Some of the details which caught the eye: in the three temples mentioned above, there are carvings of couples on many of the pillars and on the walls - they are not really erotic 'Mithunas' as at Khajuraho etc; they seem to be variations on the 'donor couples' which can be seen in Buddhist caves at Karla, Bedsa etc (these temples were done at least 600 years after the caves). Again, one senses a difference. The Buddhist couples are manifestly amorous and the female figures are buxom and voluptous. Here, things are generally subtler - the male and female figures usually stand with arms around each others' shoulders but where visible, their faces express affection and an understated love rather than open physical attraction; there is one couple which was particularly notable for the tenderness on the face of the man; and unfortunately, the woman has lost her head (and unfortunately, I didn't take a pic). Also among these is one strange specimen where the female of the pair has a tiger's (?) head and human body. Anyways, one can probably conclude that the Chalukyan art of Pattadakal provides a link between the Buddhist cave art and later temple art of Southern and central India.

Some of the other sculpture illustrate mythological episodes like the slaying of Hiranyakashipu and Ravana shaking Mount Kailas (both these themes seem to have been favored - and elaborately developed - by the artists of the later Ellora caves). Then there are unusual episodes like Bheeshma lying on the bed of arrows, Krishna slaying an elephant and so on, carved in smaller-scale friezes. One can also see a small-scale copy of the grand Mahabalipuram relief of the battle between Durga and Mahishasura.

There is also a Nataraja with a divine attendant figure playing an instrument very like a compactified 'Mizhavu' ( The Mizhavu is nowadays seen only in some Kerala temples. It is a large metallic pot with the diaphragm stretched over the mouth and is used primarily as accompaniment for Koodiyattam, the traditional enactment of Sanskrit plays). I recall seeing a (much later) Kerala style mural painting of Nataraja in Ettumanur where Vishnu(?) plays the Mizhavu.

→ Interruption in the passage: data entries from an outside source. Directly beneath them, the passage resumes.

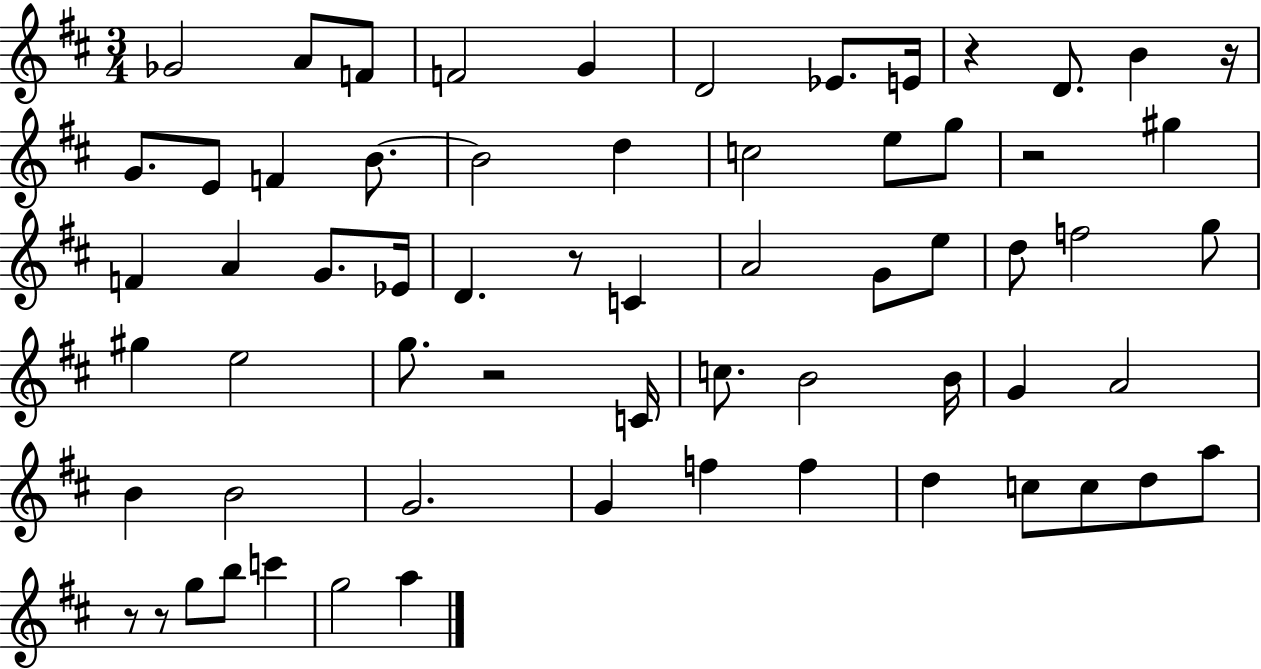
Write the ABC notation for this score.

X:1
T:Untitled
M:3/4
L:1/4
K:D
_G2 A/2 F/2 F2 G D2 _E/2 E/4 z D/2 B z/4 G/2 E/2 F B/2 B2 d c2 e/2 g/2 z2 ^g F A G/2 _E/4 D z/2 C A2 G/2 e/2 d/2 f2 g/2 ^g e2 g/2 z2 C/4 c/2 B2 B/4 G A2 B B2 G2 G f f d c/2 c/2 d/2 a/2 z/2 z/2 g/2 b/2 c' g2 a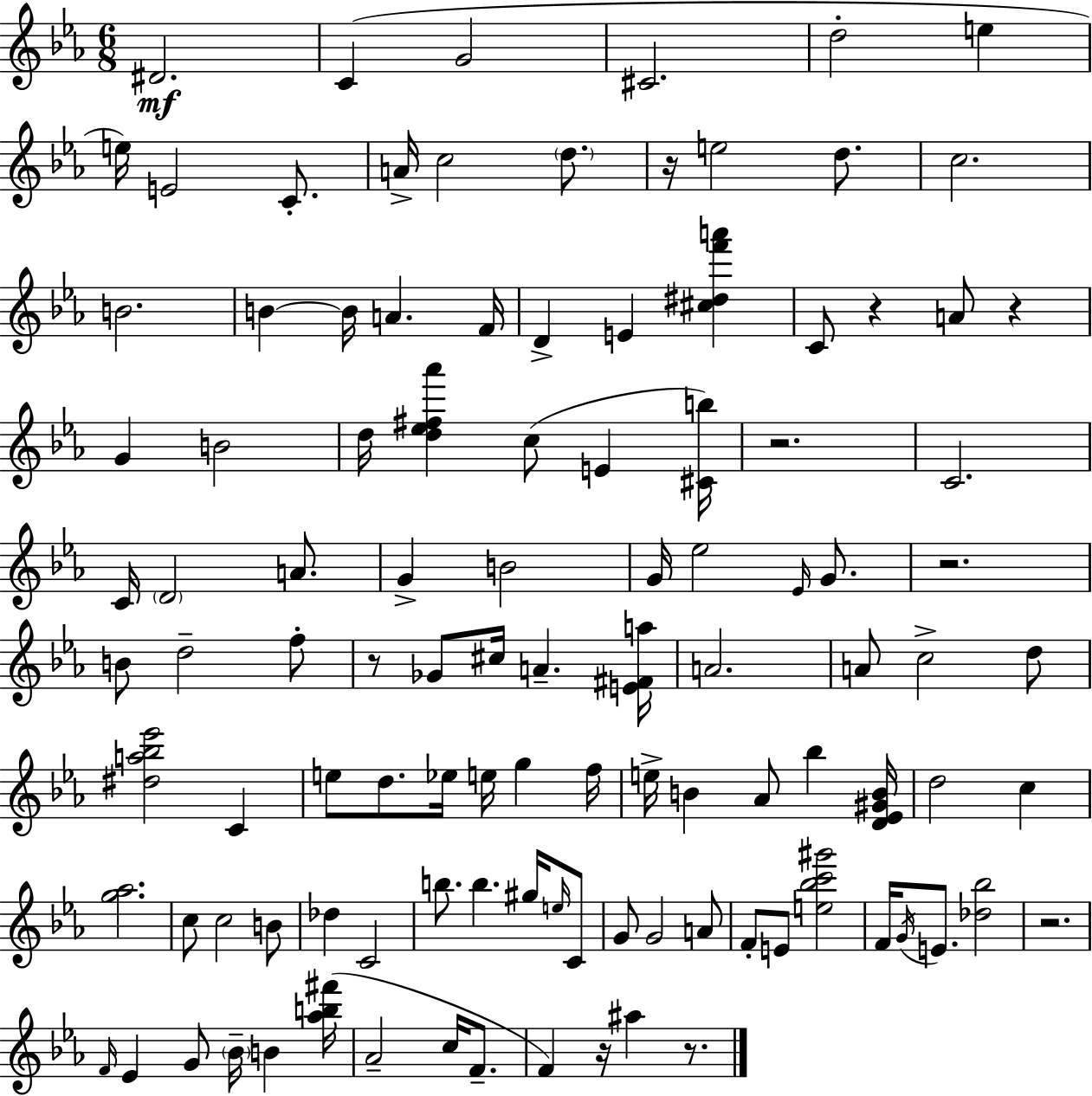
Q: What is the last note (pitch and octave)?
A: A#5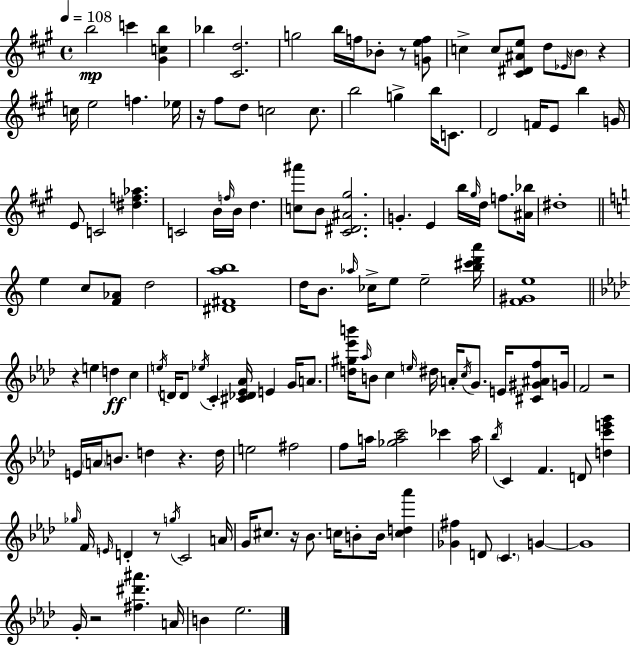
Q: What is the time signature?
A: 4/4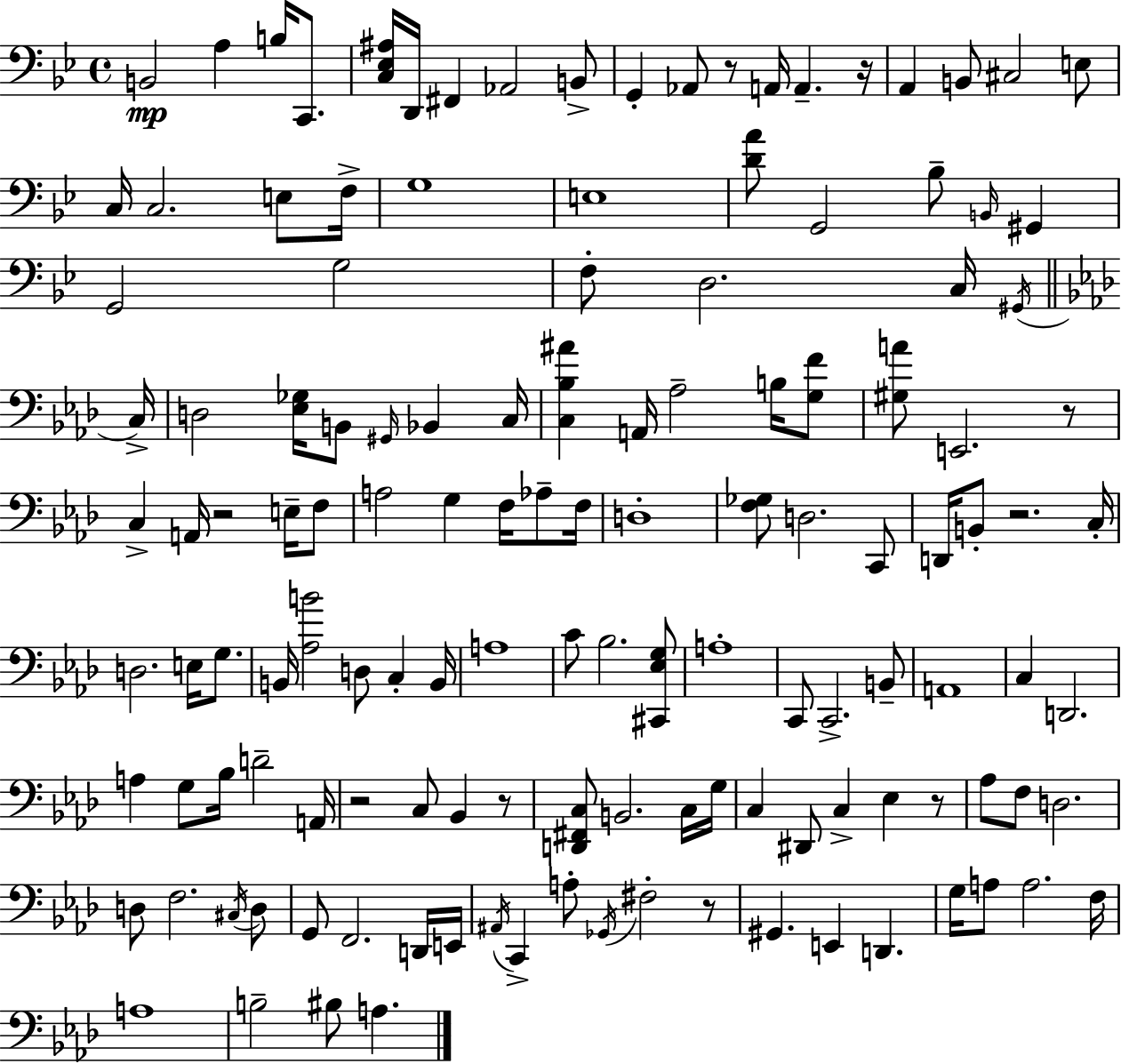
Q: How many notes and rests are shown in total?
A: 134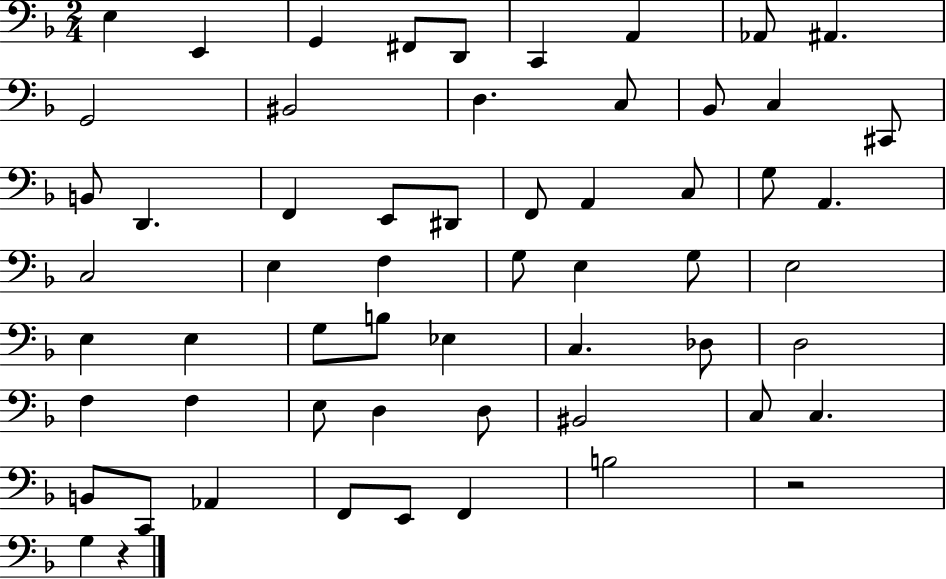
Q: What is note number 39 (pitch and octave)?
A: C3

Some of the designs, like a ceiling carving of Nagaraja, the serpent king - the lower half of his body is serpentine and forms a spiral around his head - are to be seen in Aihole as well and seem to be common Chalukyan motifs. The complex floral designs which decorate the niches on the walls of several of the temples here seem to have received the attention of experts as well.

Some questions suggest themselves: the Chalukyas seem to have worked liberally with both the northern and southern styles of temple building (and also a bit of the 'intermediate style', developed later in Orissa). Did the northern style actually come from the north and the southern from the south? In later times, how did these two styles get so clearly separated - hardly any northern-style temples in the South postdating these Chalukyan experiments and the southern style too seems not to have penetrated the north either (Thought: the Ellora Kailasnath temple (which was perhaps built a little after the Pattadakal temples) has a Southern feel about it).